企業資料総合センター

鐘紡資料

鐘紡資料は、同社の社史資料室が所蔵していた資料で、トリニティー・インベストメント株式会社(前身は、カネボウ株式会社)より、 2008年12月に、故桑原哲也本学経営学研究科教授の尽力によって経営学研究科が寄贈を受け、経済経営研究所と経営学研究科が共同で整理、 目録作成にあたってきました。 同資料は鐘紡の1886年の設立から1990年代にかけての時代をカバーする大規模な資料であり、その分量は約6500点にのぼるものです。

戦前は日本最大級、戦後も3大紡績会社の一つとして数えられたカネボウ株式会社は、紡績のみならず、 化粧品・薬品・食品・住宅の5つの分野において大規模な多角的経営を行ったことで知られます。 鐘紡資料は、 同一の経営体について第二次世界大戦前後を見渡せる数少ない企業資料群の一つです。 一般的に企業資料の難点は経営内部の意思決定過程が窺える資料を得がたい点に求められますが、 鐘紡資料は、社内の稟議議事録である「回章」に代表されるように、それを窺い知るための素材を豊富に含んでいます。

鐘紡資料データベース

「鐘紡資料」は、複写物が存在しない内部資料・書類が多いという点で、資料自体が希少価値を持っています。 学術的にも、経営方針の決定過程が窺える内部資料を含むなど、他社の経営資料では代替できない独自の価値を有しており、 戦前期日本のあゆみを知る上で重要な資料です。

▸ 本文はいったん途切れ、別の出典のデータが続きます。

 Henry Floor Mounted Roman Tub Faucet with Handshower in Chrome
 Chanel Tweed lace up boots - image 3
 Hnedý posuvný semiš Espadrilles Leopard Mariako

また、本学では、平成25年度から科学研究費補助金(研究成果公開促進費)を活用して、 資料画像をデジタル撮影しインターネット上で公開する取り組みを進めています。 これは、目録検索システムと資料画像とを組み合わせ、体系的に整理されたデータベースとして公開するもので、 会社の経営資料を研究活用するための取り組みとして注目されています。

利用について

※現在、現物閲覧は停止しています。再開時期は未定です。